Dynamoat · 18/12/2023 13:42

He sounds like the kind of man who considered himself the class clown at school

caringcarer · 18/12/2023 13:44

I couldn't be arsed with making a noise when I wanted to sleep.

readymealeater · 18/12/2023 13:46

OliviaLallie · 18/12/2023 13:31

Mid 30s professionals, no kids

WHOOOAHHH!

Mid-THIRTIES???

That rings alarm bells for me.

16 years old, maybe not so bad, but heading towards 40 years old?!

Vuurhoutjies · 18/12/2023 13:47

So when he's speaking to you in Vietnamese, or Klingon or whatever it is, why don't you just say, "please stop. I don't speak Vietnamese/Klingon and you know that."

I don't think he's trying to impress.
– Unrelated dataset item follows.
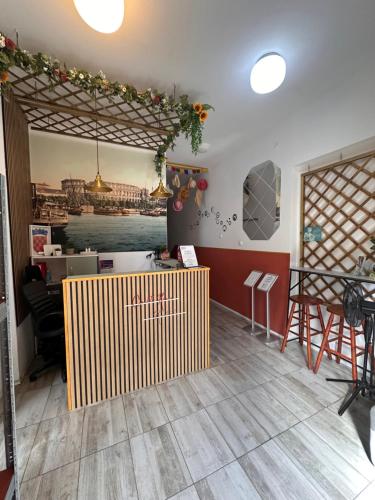 Lobby, Crazy House Hostel in Pula Lobby, Crazy House Hostel in Pula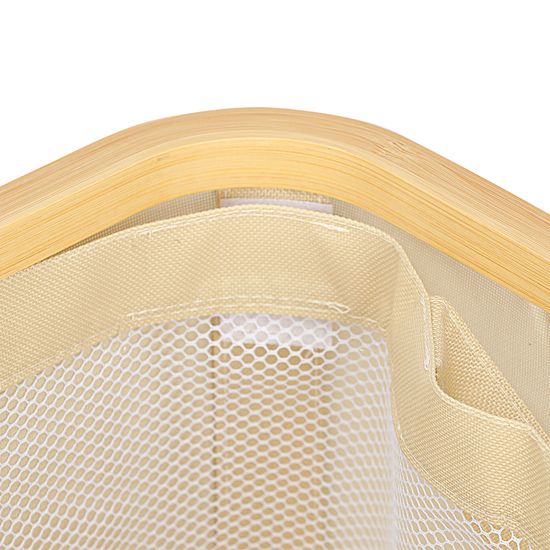 Корзина для белья neat tall, 41х35х74 см, молочная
It sounds tome like he wants to be the centre of attention and he wants you to think he's super fabulous and better than you.

the more you post the more icky he sounds and the more weird I find it that you aren't telling him to stop.

BigDahliaFan · 18/12/2023 13:47

Yeah, he's a twat.

TellingBone · 18/12/2023 13:48

Trying to compensate for his feelings of inadequacy. It's a bit tragic.

But why aren't we addressing the main issue here? Who the fuck thinks, 'I know. I'll get a piano and put it in my BEDROOM. [That'll impress the laydeez.]'

Seaweed42 · 18/12/2023 13:51

I'm not sure about this relationship.

I think this guy might not be as into this relationship as he makes out.

I think when he feels he's not sure about the relationship, he starts this 'clowning' to mask his feelings.
Maybe it's himself he's trying to win over.

The man doth protest too much, methinks.

You need to trust your gut and ask yourself do you really want to spend the rest of your life waiting for it to feel right?

SequentialAnalyst · 18/12/2023 13:53

I think he is shy. Yes, honestly. And perhaps (unecessarily, I hope) worried about how the sex is going because of insecurity.

I think it will wear off.

I rather liked the image of him in the blazer and beanieBlush Lovely Man was a shy idiot, though a sociable one as well. I can imagine him doing this - but if he did we would both have collapsed with laughter.

Give it a bit longer, it's very early days.

MsMarch · 18/12/2023 13:55

SequentialAnalyst · 18/12/2023 13:53

I think he is shy. Yes, honestly. And perhaps (unecessarily, I hope) worried about how the sex is going because of insecurity.

I think it will wear off.

I rather liked the image of him in the blazer and beanieBlush Lovely Man was a shy idiot, though a sociable one as well. I can imagine him doing this - but if he did we would both have collapsed with laughter.

Give it a bit longer, it's very early days.

This mindset is so weird to me. It's early days in a relationship and she's already finding him irritating and frustrating. It's supposed to be fun and easy at this point. Not hard work.

LightToTheWorld · 18/12/2023 13:58

I’m guessing he had an ex who enjoyed all this stuff and so he’s trying it on you.

It sounds as if you’re caught in a cycle- he can sense you’re going off him so is trying harder but unfortunately at the very stuff that’s putting you off him.

If you can be bothered, break the cycle
by being really clear with him. If it’s worked in the past it’s going to take more than hints to get him to understand that it’s not working this time.

Also you are allowed just to go off him. Women are conditioned into thinking we have to make things ok for everyone and here that seems to be taking the form of you making him feel ok about his intrinsically embarrassing behaviour by pretending not to hate it, so that he’s not embarrassed. But you don’t have to do that.

Notsurehwhattdo · 18/12/2023 13:59

I think many, many threads could be quickly and easily wrapped up with the reply, just communicate with your partner.